Interpreting interaction effects

Specifying interactions in a regression model is a way of allowing parameters to be conditional on certain aspects of the data. By contrast, for a model with no interactions, the parameters are not conditional and thus, the value of one parameter is not dependent on the value of another covariate. However, once interactions exist, multiple parameters are always in play at the same time. Additionally, interactions can be specified for either categorical, continuous, or both types of covariates. Thus, making the interpretation of the parameters more difficult.

With GLMs, every covariate essentially interacts with itself because of the link function. To demonstrate parameters interacting with themselves, consider the mean of a Gaussian linear model with an identity link function

$$\mu = \alpha + \beta x$$

where the rate of change in $\mu$ with respect to $x$ is just $\beta$, i.e., the rate of change is constant no matter what the value of $x$ is. But when we consider GLMs with link functions used to map outputs to exponential family distribution parameters, calculating the derivative of the mean output $\mu$ with respect to the predictor is not as straightforward as in the Gaussian linear model. For example, computing the rate of change in a binomial probability $p$ with respect to $x$

$$p = \frac{exp(\alpha + \beta x)}{1 + exp(\alpha + \beta x)}$$

And taking the derivative of $p$ with respect to $x$ yields

$$\frac{\partial p}{\partial x} = \frac{\beta}{2(1 + cosh(\alpha + \beta x))}$$

Since $x$ appears in the derivative, the impact of a change in $x$ depends upon $x$, i.e., an interaction with itself even though no interaction term was specified in the model.Thus, visualizing the rate of change in the mean response with respect to a covariate $x$ becomes a useful tool in interpreting GLMs.

Average Predictive Slopes

Here, we adopt the notation from Chapter 14.4 of Regression and Other Stories to first describe average predictive differences which is essential to computing slopes, and then secondly, average predictive slopes. Assume we have fit a Bambi model predicting an outcome $Y$ based on inputs $X$ and parameters $\theta$. Consider the following scalar inputs:

$$w: \text{the input of interest}$$ $$c: \text{all the other inputs}$$ $$X = (w, c)$$

In contrast to comparisons, for slopes we are interested in comparing $w^{\text{value}}$ to $w^{\text{value}+\epsilon}$ (perhaps age = 60 and 60.0001 respectively) with all other inputs $c$ held constant. The predictive difference in the outcome changing only $w$ is:

$$\text{average predictive difference} = \mathbb{E}(y|w^{\text{value}}, c, \theta) - \mathbb{E}(y|w^{\text{value}+\epsilon}, c, \theta)$$

Selecting $w$ and $w^{\text{value}+\epsilon}$ and averaging over all other inputs $c$ in the data gives you a new “hypothetical” dataset and corresponds to counting all pairs of transitions of $(w^\text{value})$ to $(w^{\text{value}+\epsilon})$, i.e., differences in $w$ with $c$ held constant. The difference between these two terms is the average predictive difference.

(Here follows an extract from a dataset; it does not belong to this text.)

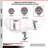 4-Piece Poly and Aluminum Caster Set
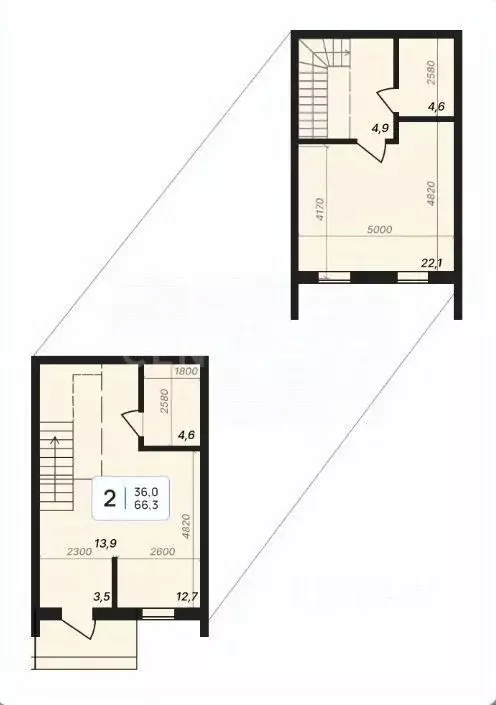 Таунхаус в Липецкая область, Липецк 10-я Шахта мкр, ул. Шахтерская (96 ... - Фото 2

However, to obtain the slope estimate, we need to take the above formula and divide by $\epsilon$ to obtain the average predictive slope:

$$\text{average predictive slope} = \frac{\mathbb{E}(y|w^{\text{value}}, c, \theta) - \mathbb{E}(y|w^{\text{value}+\epsilon}, c, \theta)}{\epsilon}$$

Computing Slopes

The objective of slopes and plot_slopes is to compute the rate of change (slope) in the mean of the response $y$ with respect to a small change $\epsilon$ in the predictor $x$ conditional on other covariates $c$ specified in the model. $w$ is specified by the user and the original value is either provided by the user, else a default value (the mean) is computed by Bambi. The values for the other covariates $c$ specified in the model can be determined under the following three scenarios:

  1. user provided values
  2. a grid of equally spaced and central values
  3. empirical distribution (original data used to fit the model)

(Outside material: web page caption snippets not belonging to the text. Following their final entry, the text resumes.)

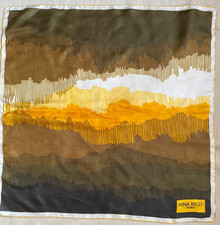 Foulard en soie vintage "Nina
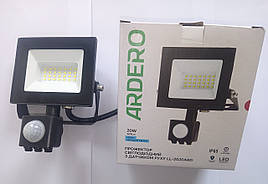 Світлодіодний прожектор Ardero LL-2020ARD 20W 1600Lm 6500K з датчиком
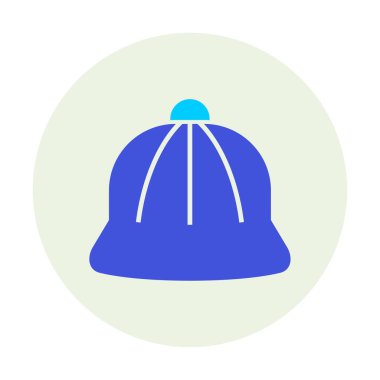 kapsül düz simgesi, vektör illüstrasyonu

In the case of (1) and (2) above, Bambi assembles all pairwise combinations (transitions) of $w$ and $c$ into a new “hypothetical” dataset. In (3), Bambi uses the original $c$, and adds a small amount $\epsilon$ to each unit of observation’s $w$. In each scenario, predictions are made on the data using the fitted model. Once the predictions are made, comparisons are computed using the posterior samples by taking the difference in the predicted outcome for each pair of transitions and dividing by $\epsilon$. The average of these slopes is the average predictive slopes.

For variables $w$ with a string or categorical data type, the comparisons function is called to compute the expected difference in group means. Please refer to the comparisons documentation for more details.

Below, we present several examples showing how to use Bambi to perform these computations for us, and to return either a summary dataframe, or a visualization of the results.

import arviz as az
import pandas as pd

import bambi as bmb

Logistic Regression

To demonstrate slopes and plot_slopes, we will use the well switching dataset to model the probability a household in Bangladesh switches water wells. The data are for an area of Arahazar Upazila, Bangladesh. The researchers labelled each well with its level of arsenic and an indication of whether the well was “safe” or “unsafe”. Those using unsafe wells were encouraged to switch. After several years, it was determined whether each household using an unsafe well had changed its well. The data contains $3020$ observations on the following five variables:

  • switch: a factor with levels no and yes indicating whether the household switched to a new well
  • arsenic: the level of arsenic in the old well (measured in micrograms per liter)
  • dist: the distance to the nearest safe well (measured in meters)
  • assoc: a factor with levels no and yes indicating whether the household is a member of an arsenic education group
  • educ: years of education of the household head

First, a logistic regression model with no interactions is fit to the data. Subsequently, to demonstrate the benefits of plot_slopes in interpreting interactions, we will fit a logistic regression model with an interaction term.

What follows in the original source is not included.